Martin Hoffman in 1970, a year before his suicide

The words waited a decade before they were found by Hoffman and his Mexican waltz, which gives the song its razor edge of tragedy and beauty.

One evening in 1971, Martin Hoffman walked through his neighborhood and knocked on doors, telling his friends how much he appreciated them.

Then he said goodbye.

The next evening, he played guitar, took a slug of Scotch, then went into his bedroom, pulled out his double-barrel shotgun from under the bed. He put the barrel square in front of his face, then pulled the trigger with his big toe.
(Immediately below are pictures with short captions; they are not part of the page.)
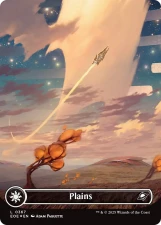 Plains card image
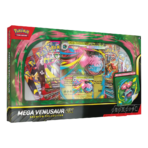 Pokemon: Mega Venusaur EX Premium Collection - Collect Roll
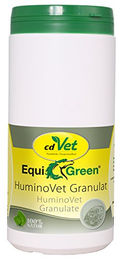 cdVet HuminoVet Granulat Natürliches Ammoniakbindemittel für Stallhygiene - 1 kg – Bild 1 von 2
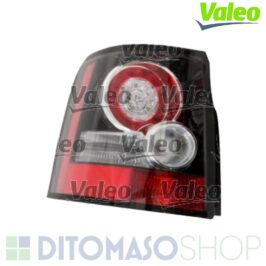 FANALE POSTERIORE SINISTRO A LED CORNICE NERA PER RANGE ROVER SPORT 09/2011> VALEO OE LR030227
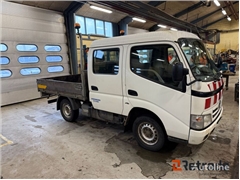 Sprzedam wywrotka do 3.5t Toyota Dyna poprzez aukc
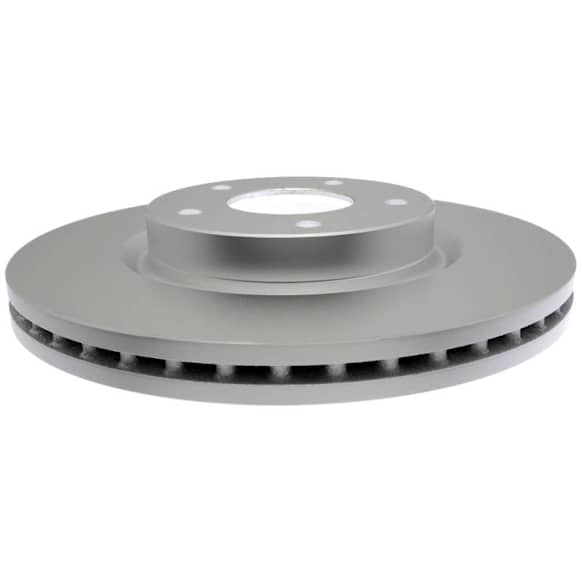 18A81780 Front Brake Disc, Plain Surface, Vented, 5 Lugs,, Professional Series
The song leaves us another mystery.

With the grace and beauty of a poet, Hernandez tells the story of the passengers, the small crew, Guthrie’s life and work and Hoffman’s short and tragic time on earth.

I marvel at his achievement. The storytelling tribe can do great things, right past wrongs, and find the truth behind the stories.

If just for a moment, Hernandez brought those friends back to life, honoring them by giving us their names and telling their stories.

All They Will Call You is a beautiful piece of work.

Click on the cover to order.

The passengers: Ramon Perez, Jesus Santos, Ramon Portello, James A. Guardaho, Guadalupe Ramirez, Julio Barron, Jose Macias, Martin Navarro, Apolonio Placentia, Santiago Elisandro, Salvadore Sandoval, Manuel Calderon, Francisco Duran, Rosalio Estrado, Bernabe Garcia, Severo Lara, Elias Macias, Tomas Marquez, Louis Medina, Manuel Merino, Luis Mirando, Ygnacio Navarro, Roman Ochoa, Alberto Raygoza, Guadalupe Rodriquez, Maria Rodriguez, and Juan Ruiz. The pilot was Frank Atkinson and the co-pilot was Marion Ewing. Both Atkinson and Ewing were deeply experienced and flew with distinction in the Second World War. The regular flight attendant had called Atkinson that morning and said she was unable to fly. Bobbie Atkinson — the pilot’s wife, newly pregnant — said she would fill the flight-attendant role. She’d get to spend more time with her husband. There was another passenger: Frank E. Chaffin was with the Immigration and Naturalization Service. He was to escort the passengers back to Mexico. His job was to make certain the farmworkers got safely home.